Single cell ATAC-Seq data processing, dimensional reduction, and clustering

Sequencing reads were pre-processed using the cellranger-atac pipeline (v2.1.0) (10X Genomics) where accessibility counts for each cell were aligned to the Mmul_8.0.1 reference genome. The ArchR package (58) (v1.0.1) was used for downstream analysis following their vignette in R (v4.1.0). Arrow files were created from each sample fragment file and low-quality cells were filtered out (<3162 fragments, <8 TSS enrichment, doublets calculated by addDoubletScores). An ArchR project was created by combining all Arrow files. Iterative latent semantic indexing (LSI) was performed as the first dimensional reduction followed by the addHarmony function to correct batch effects. Uniform manifold approximation and projection (UMAP) was used for the final dimensional reduction and clusters were added using the addClusters function.
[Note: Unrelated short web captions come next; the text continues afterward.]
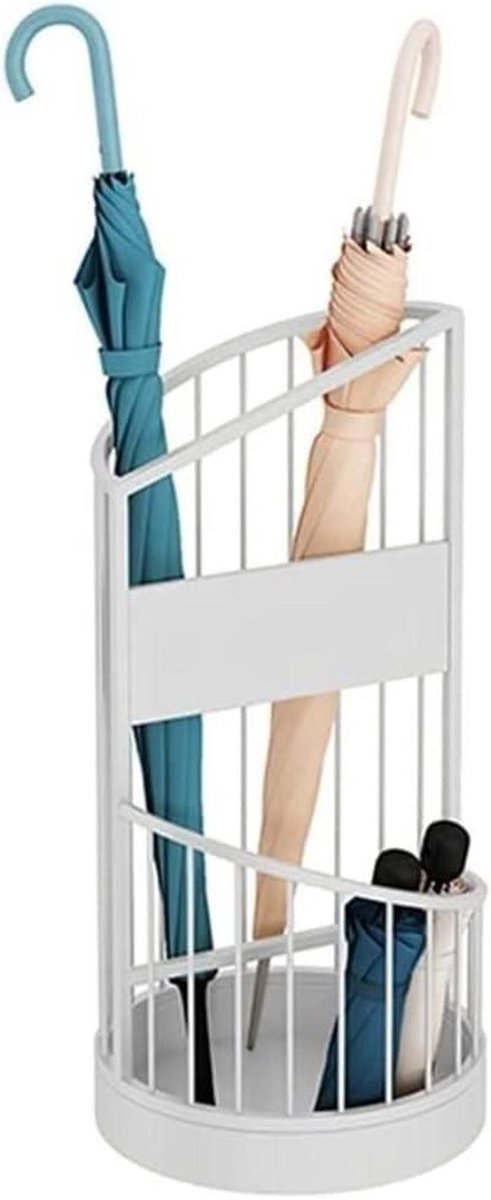 Paraplubak Metaal - Parapluhouder Emmer - Entree Organiseren - Met Opvangbak - 25x25x55cm - Wit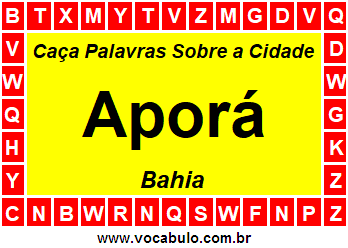 Caça Palavras Sobre a Cidade Aporá do Estado Bahia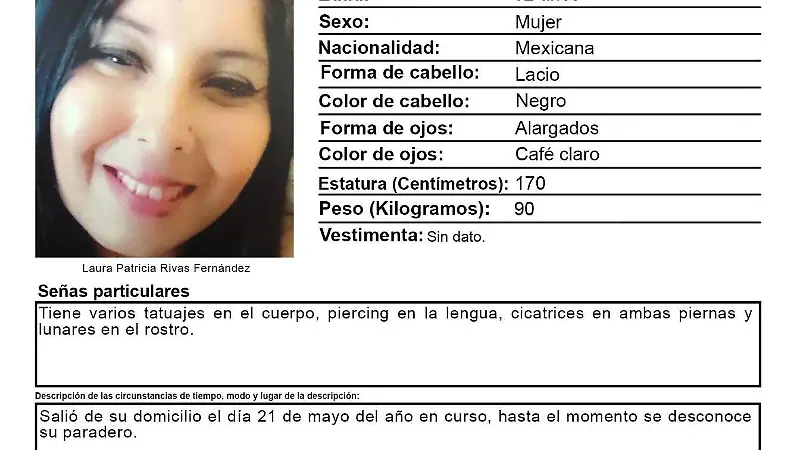 Laura Patricia Rivas Fernández, de 32 años 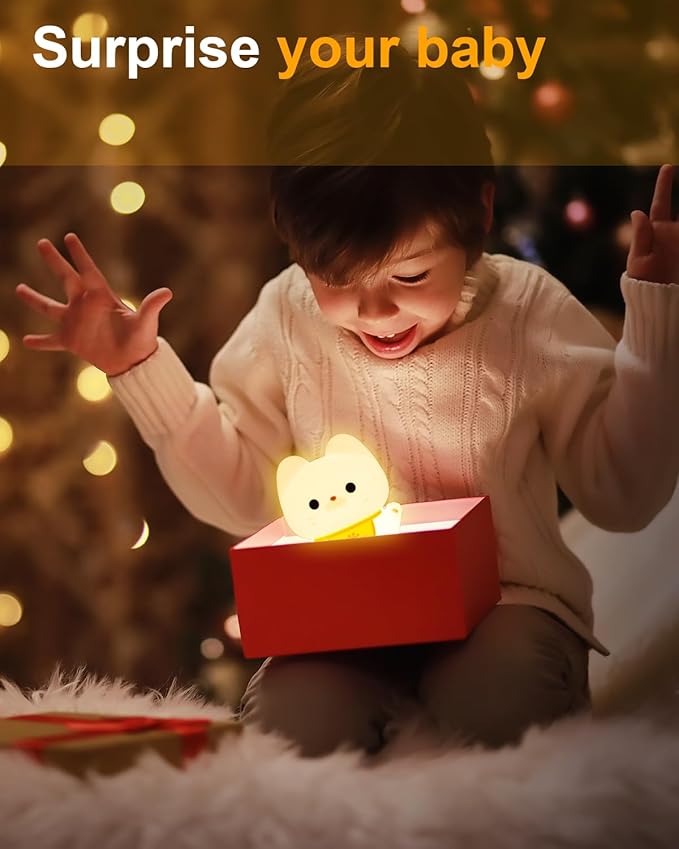 Amaredom Waving Kitten Night Light, Cute Cat Lamp, Silicone Dimmable Nursery Nightlight, Rechargeable LED Bedside Lamp with 20 Minutes Timer & Tap Control Baby Girls Women Bedrooms, Living Room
Marker features for each cluster based on gene scores were identified using the getMarkerFeatures function. Myeloid cell lineage clusters were defined by accessible marker genes, subset, and the above dimensional reduction and clustering steps were performed again. Pseudo-bulk replicates were created for peak calling using MACS2. Per-cell deviations across motif annotations were computed using the addDeviationsMatrix function. The getMarkerFeatures function was used to determine differentially accessible regions (DAR) between CHD and Control clusters or groups of clusters. All UMAP and heatmap plots were generated using ArchR functions.
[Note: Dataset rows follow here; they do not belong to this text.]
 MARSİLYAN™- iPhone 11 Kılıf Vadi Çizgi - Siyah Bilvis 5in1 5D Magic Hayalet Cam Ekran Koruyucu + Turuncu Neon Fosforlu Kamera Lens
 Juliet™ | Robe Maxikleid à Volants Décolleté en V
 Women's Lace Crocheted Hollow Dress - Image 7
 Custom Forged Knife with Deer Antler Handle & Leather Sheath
Single cell ATAC-Seq trajectory analysis

Trajectory analysis was performed on HSC, GMP, MP/GMP, MP, and monocyte clusters from the control and CHD groups using the addTrajectory function in ArchR. To identify positive TF regulators of the trajectory, we performed an integrative analysis of gene scores and motif accessibility across the identified psuedotime trajectory.
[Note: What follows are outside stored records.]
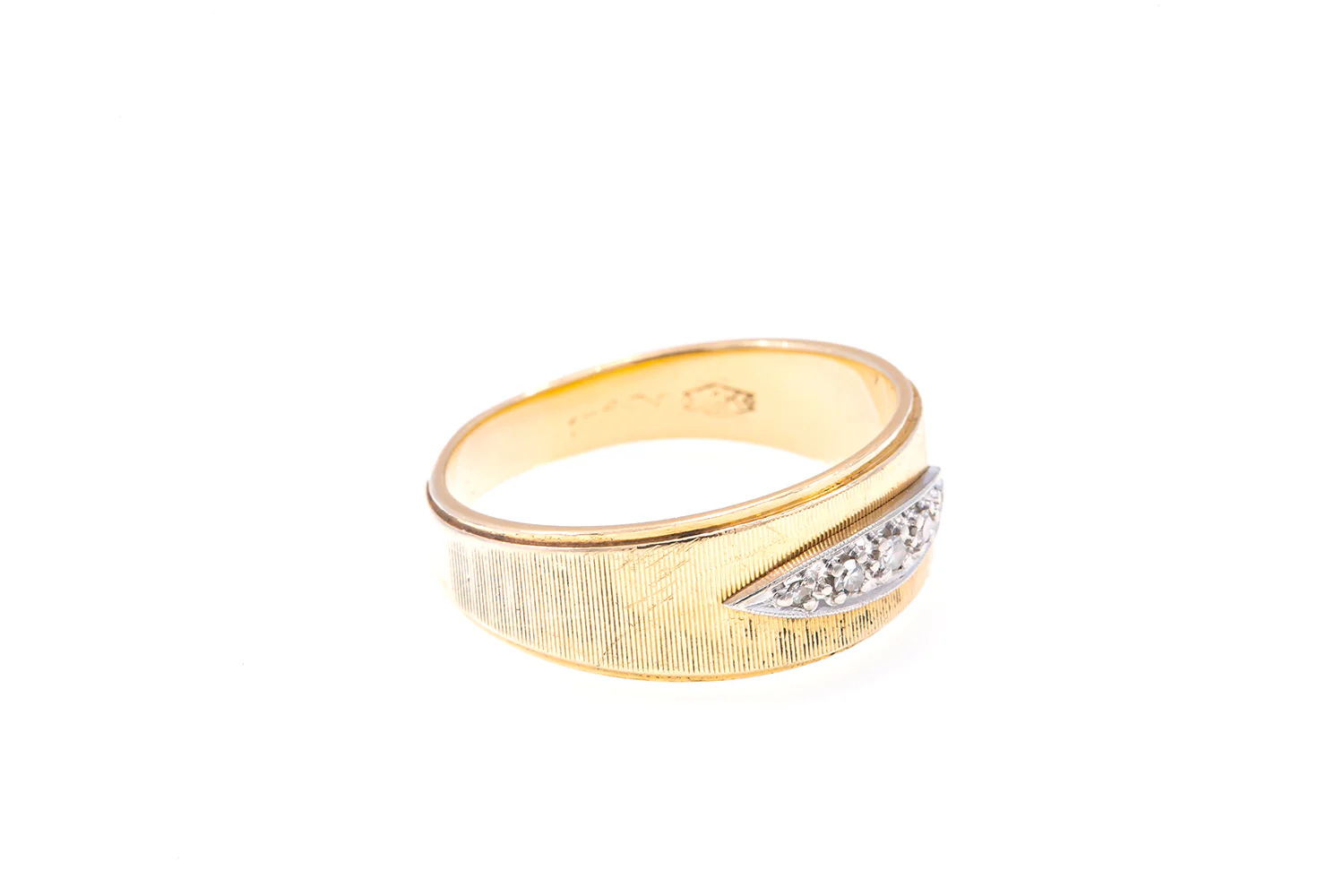 Vintage Sateen Finished Diamond Wedding Band Ring Two Tone Gold Size 11 - Image 3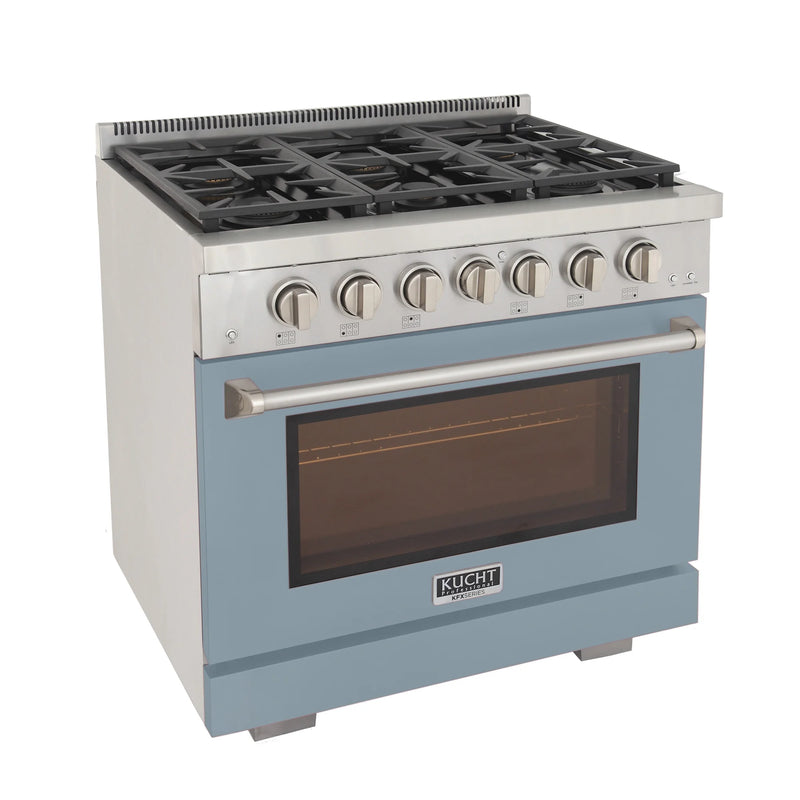 Kucht Professional 36" 5.2 cu ft. Natural Gas Range with Light Blue Door and Silver Knobs, KFX3600X-LB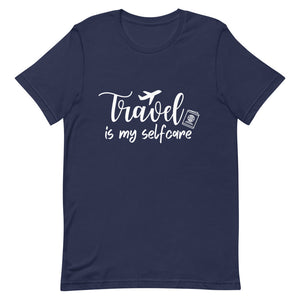 Travel is My Selfcare White Print T-Shirt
Promoter and Distal Intergenic Peak Annotation and Functional Enrichment Analysis

Genomic annotation of open chromatin regions related to the promoter, 5’ UTR, downstream, and distal intergenic regions in DAR analysis was assigned using ChIPSeeker. Promoters were defined using the following criteria: −1000 bp to +100 bp around the transcriptional start site (TSS). Genes with no annotations were excluded from downstream analyses. Functional enrichment analysis was performed for the promoter, 5’ UTR, and downstream regions using Metascape (https://metascape.org) and Enrichr (https://maayanlab.cloud/Enrichr/). The liftOver strategy was carried out to convert the distal intergenic regions of the macaque to the human genome (hg38) coordinates using UCSC liftOver tool due to the lack of available macaque annotation databases. This strategy has been recently reported as an alternative for nonhuman primates’ studies because instead of qualitative differences, quantitative differences in enhancer activity are the prevalent source of regulatory landscape divergence among closely related species (59). The functions of cis-regulatory regions were predicted using GREAT (http://great.stanford.edu/public/html/).

Statistical Analysis:

All statistical analyses were conducted in Prism 7(GraphPad). Data sets were first tested for normality and outliers. Two group comparisons were carried out an unpaired t-test with Welch’s correction or Mann-Whitney test. Differences between 3 groups were tested using one-way ANOVA (α=0.05) followed by Holm Sidak’s multiple comparisons tests. Error bars for all graphs are defined as ± SEM. Statistical significance of functional enrichment was defined using hypergeometric tests. P-values less than or equal to 0.05 were considered statistically significant. Values between 0.05 and 0.1 are reported as trending patterns.

Study Approval:

This study was approved by the Oregon National Primate Research Center (ONPRC) Institutional Animal Care and Use Committee (IACUC). ONPRC is an Association for Assessment and Accreditation of Laboratory Animal Care (AAALAC) approved institute. The work described in this study has been approved by the Institutional Biosafety Committee (IBC) of all associated institutions.

Data availability

The datasets supporting the conclusions of this article are available on NCBI’s Sequence Read Archive (SRA# pending).